Защита прошла успешно, дипломная работа получила хорошую оценку.
Но после этого эпизода я много думал о том, что только что произошло на факультете. Я прочитал книгу Л.Г. Якименко «Тихий Дон» М. Шолохова», всю ее исчеркал, поставив множество вопросительных знаков, перечитал «Тихий Дон» и пришел к А.И. Метченко с твердым решением писать только о Шолохове.
На этот раз он поддержал мою мысль написать диссертацию о Шолохове, несмотря на то что вышла монография о «Тихом Доне»: и ему стало ясно, что в книге Л. Якименко допущено много грубых ошибок, которые могут и должны быть оспорены. Так началась полемика, которая продолжается до сих пор.
Стал читать книги, статьи о творчестве Шолохова… Оказывается, многие годы некоторыми критиками проводилась такая мысль, что Григорий Мелехов – наш враг, которого необходимо растоптать, и Шолохов, дескать, сам совершает над ним беспощадный приговор народа. Неужто Шолохов не знает, что делается с его героями? И каждый раз, мысленно разговаривая с ним, вспоминал Большой зал Политехнического музея, добродушного, веселого, улыбчивого человека на эстраде, с которым мне просто необходимо повидаться и поделиться своими мыслями, сомнениями, наблюдениями. Я начал искать возможности встретиться с ним. Случай вскоре представился.

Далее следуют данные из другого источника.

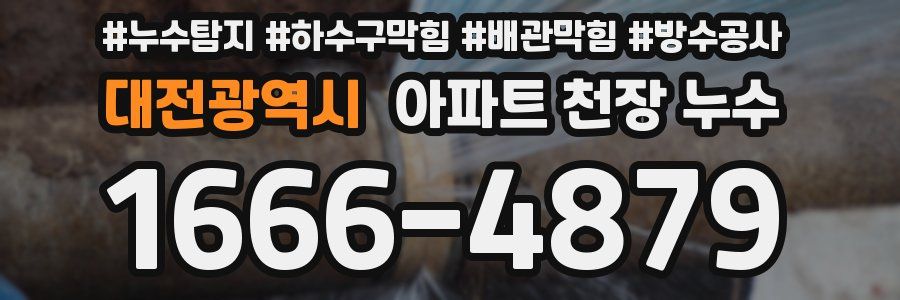 대전광역시 아파트 천장 누수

3. Встречи и разговоры с М.А. Шолоховым
Накануне Второго съезда советских писателей в Москву приехал Шолохов. Узнав его телефон и что ему надо звонить довольно рано по московским понятиям, то есть часов в восемь утра, я вместе с моим другом Станиславом Петровым, аспирантом-полонистом, начали каждое утро названивать Михаилу Александровичу. Это оказалось не так просто, как представлялось неопытным аспирантам-филологам. Дел у него в Москве было много, все расписано по часам, но он не отказывал нам во встрече, надеясь, что у него образуется окошечко. Каждый раз мы договаривались, когда можно будет ему позвонить, и в назначенный час регулярно ему звонили. До съезда встречи не состоялось, но зато Шолохов признал нас, весело отзывался на наш звонок, поверил, что нам действительно надо бы повидаться, что нам такая встреча просто необходима.